もし、あなたが持っている土地や購入を検討している土地が2項道路である場合は、セットバックの必要性を必ず確認しましょう。
そもそも、セットバックはなぜ必要?
セットバックがあることの利点は、実質使える道幅が広くなり、自動車の往来がしやすくなることです。敷地に乗り込むことができるため、路上でのすれ違いが可能になります。
また、最大のメリットは救急車や消防車などの緊急車両が通れるようになることです。
敷地を自由に使えず、通行する車が敷地にはみ出してくることはデメリットかもしれませんが、安心には代えがたいものです。他にも、延焼の防止にもなり、地域の安全性を高めることにも繋がります。
気になる土地の評価額への影響
さて、セットバックが必要な土地において気になるのは、評価額への影響です。
今後セットバックを行う必要がある土地に対しては、通常通りに評価額を算出した後、70%相当額を控除して算出し直します。
また、すでにセットバックが完了している土地の場合は、その道路が私道用なのか、公道なのかによって計算が変わります。
例えば、多くの人が利用している場合は公道の扱いになり、この場合は非課税となります。一方で、私道の場合は30%相当額の控除にとどまります。セットバックが必要な土地では、公道か私道かでもコストが変わることを覚えておきましょう。
土地の評価額にどれくらいの影響があるのかは以下の通りです。
例)
通常評価額3,000万円/敷地面積が300㎡/セットバックが20㎡の場合
3000万円 ー{ 3,000万円 ✕(20㎡÷300㎡)✕ 70% }=2,860万円
セットバックが適用されることで、通常評価額は140万円減額されます。節税への影響は小さくありません。
建て替え時に考えられる影響
セットバックが必要になったのは、昭和25年の建築基準法施行からです。
もし、購入した建物が昭和25年以前の建物の場合は、敷地のセットバックを行っていない可能性があります。

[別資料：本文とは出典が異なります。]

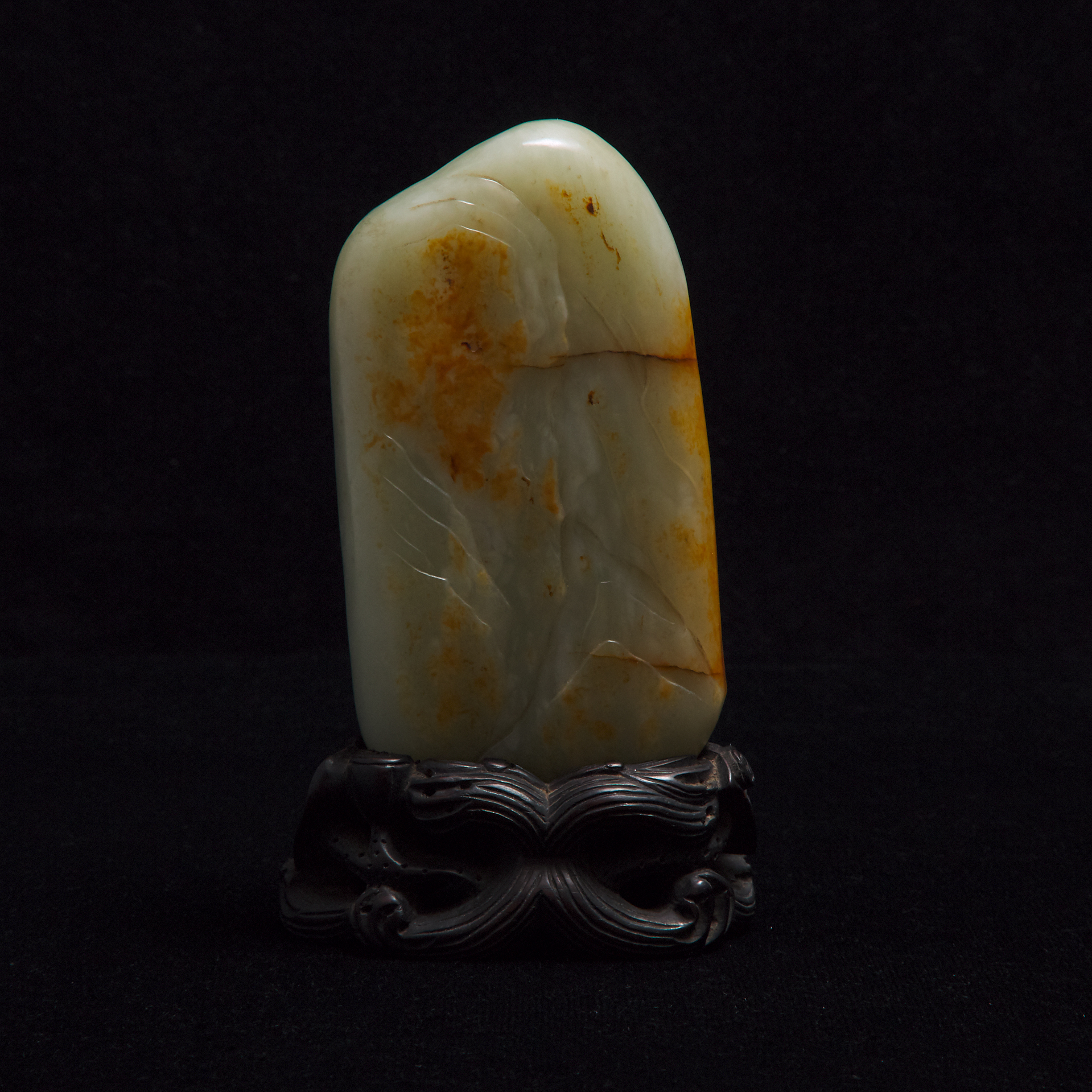 A Pale Celadon and Russet Jade 'Scholar and Boy' Boulder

これから昭和25年以前の建物を壊して新たな建物を建設する場合、前面道路が4m以下の場合は、必ずセットバックを行わなければいけません。
古い民家を購入した、親から空き家を相続したなどの場合は、セットバックが必要な土地かどうかを確認してから、計画を立てると良いでしょう。
購入時に気をつけたいセットバック物件の注意点
これから購入しようとする物件や、相続しようとする物件がセットバックが必要なセットバックの場合、どんなことに注意すればいいでしょうか。
狭い道幅のデメリットを理解しておく
セットバックが必要な土地とは、そもそも道幅の狭いところにある土地であることが多いです。周辺が未だにセットバックを行っていない場合は、依然として狭い道幅の中で生活することになります。
緊急車両が通れない可能性や、タクシー等を横付けできない可能性を理解しておきましょう。
建設できる敷地を広さを知っておく
セットバックをすると、建設できる有効面積が狭くなります。これから土地を購入するなら面積の大きさを理解しておくべきです。
助成金制度などの確認を
自治体によってはセットバックに関して助成金などを設けているケースがあります。セットバックの費用は所有者が支払うのが一般的ですので、購入前に自治体や販売している不動産業者に尋ねておくと安心です。
2項道路かどうかを確認して
セットバックが必要かどうかは、調べてみないとわかりません。一見狭くないように見える道路でもセットバックが必要なケースがあります。もし、今後土地を購入したり、古い実家などを相続する可能性があるなら、事前に調べておくと安心です。
セットバックの要不要については、自治体の建築課、建築指導課、道路課などで確認することができます。
また、セットバックが必要な不動産をどう活用すればいいのか迷ったら、頼りになる不動産屋さんに相談するようにしてください。ときには不動産業者に売ったほうがいい物件もありますので、早めに相談するようにしてくださいね。